Skogar Hostel is ranked at the bottom of our accommodations list currently which is mainly due to the poor WiFi. The WiFi master informed Megan the connection was very weak. We are millennials. We don't do well without Internet. The restaurant we ate dinner at had free WiFi, but they kicked us out at 9:30 pm. Our options were:
A. Stand outside to finish up our instagraming, blogging, emailing, imessaging, etc
B. Go to our hostel and sleep
C. Drive our car 20 feet to park right outside the restaurant and steal their WiFi signal
I am not ashamed. We went with option C, so we could finish googling our plans for today.

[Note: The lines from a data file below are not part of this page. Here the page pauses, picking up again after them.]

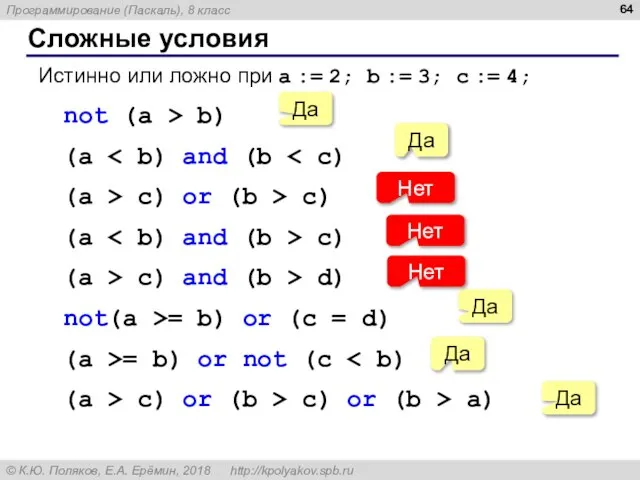 Сложные условия Истинно или ложно при a := 2; b := 3;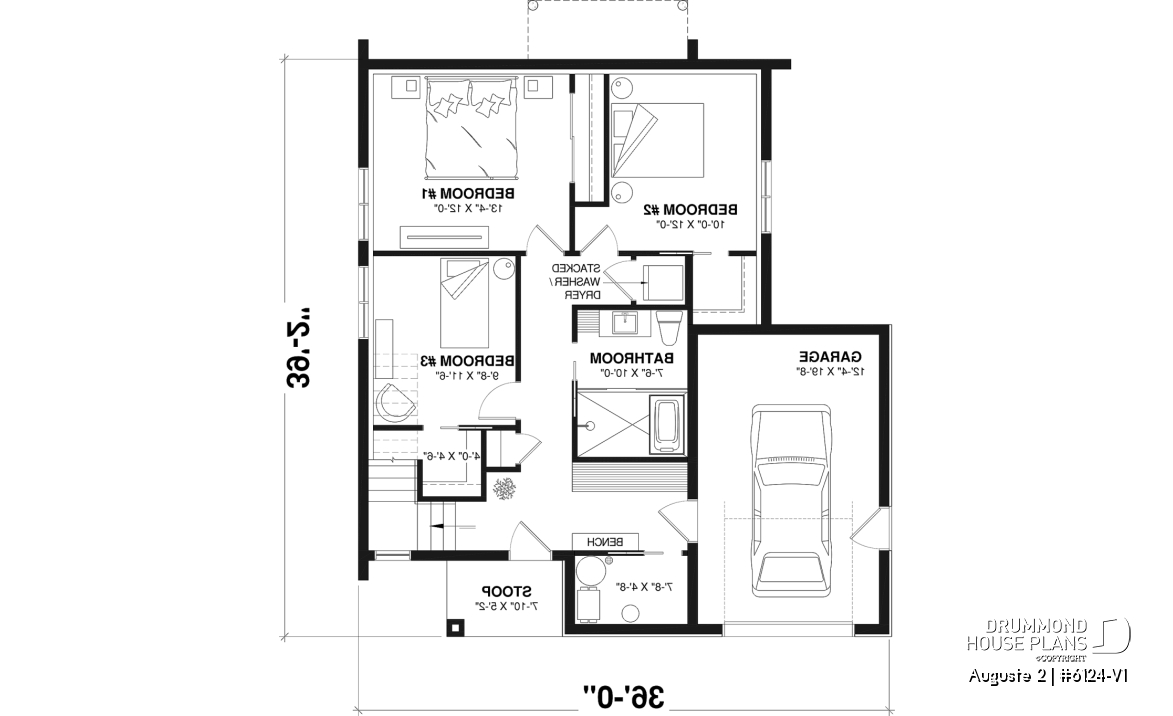1st level - Modern Scandinavian reverse floor plan home, 3 beds on lower floor, kitchen, dining and living on upper floor - Auguste 2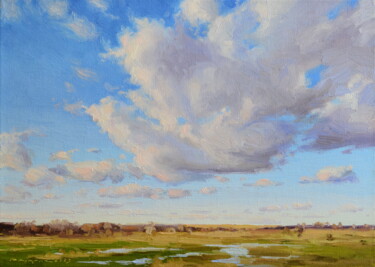 Картина под названием "Облака в осеннем не…" - Ruslan Kiprych, Подлинное произведение искусства, Масло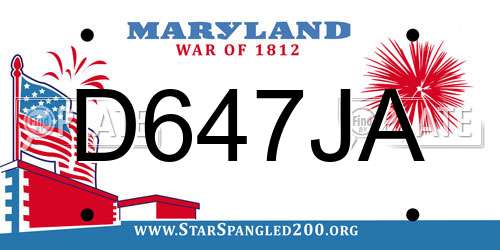 D647JA Maryland License Plate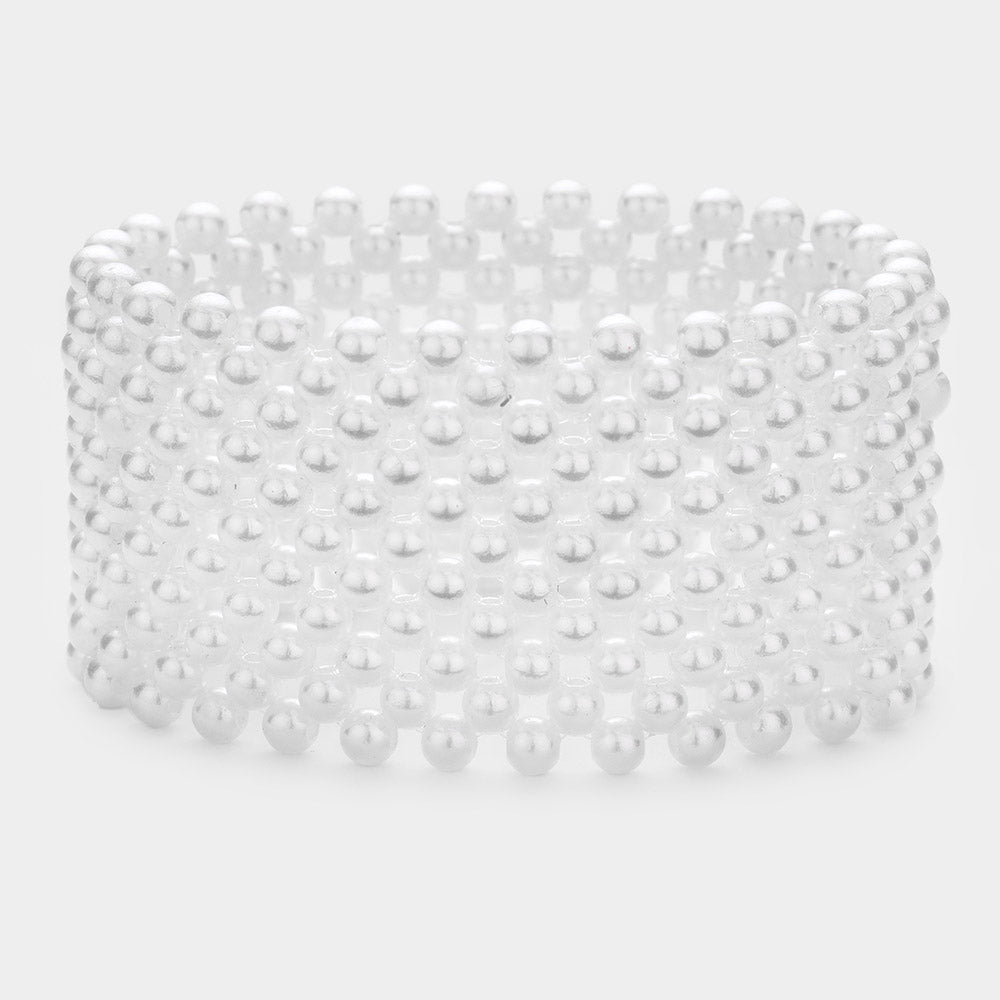 White Pearl Stretchable Bridal Bracelet | Wedding Bracelet | 468272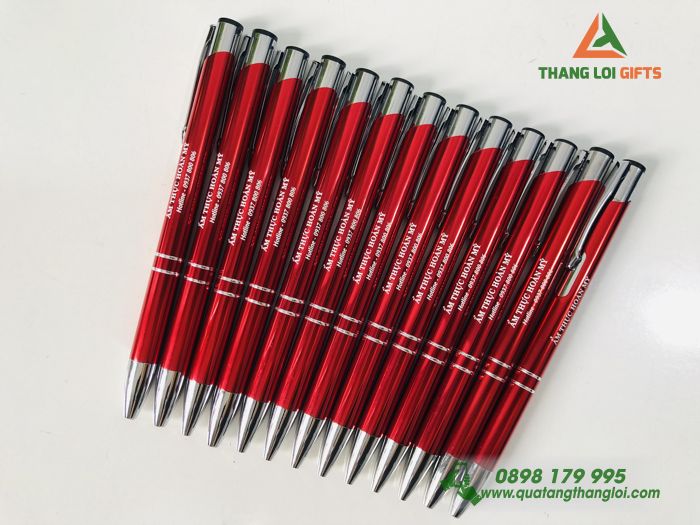 Bút bi kim loại Màu đỏ - Khắc logo ẨM THỰC HOÀN MỸ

Today was our last day in the south of Iceland. We drove 30 minutes west to the Seljalandfoss waterfall. There is a cave behind the waterfall, so you can walk behind it. A little Googling will inform you to wear a rain jacket and waterproof pants if you walk behind the fall. So many tourists walked behind it in jeans and flip flops. A. Who wears flip flops in Iceland, especially when climbing around a a slippery, rocky path by a waterfall? B. Who thinks cotton sweatshirts and denim are waterproof? Total amateur hour at Seljalandfoss. Luckily we were outfitted appropriately.
There are 3 waterfalls within a 5 minute walk from Seljalandfoss. The final waterfall along the path is Gljufrabui (I promise I am not making up these names). It is 40 meters tall and partially hidden behind a cliff. You have to walk through a stream to get inside the cave. We were drenched by the time we left the cave, but it was well worth it.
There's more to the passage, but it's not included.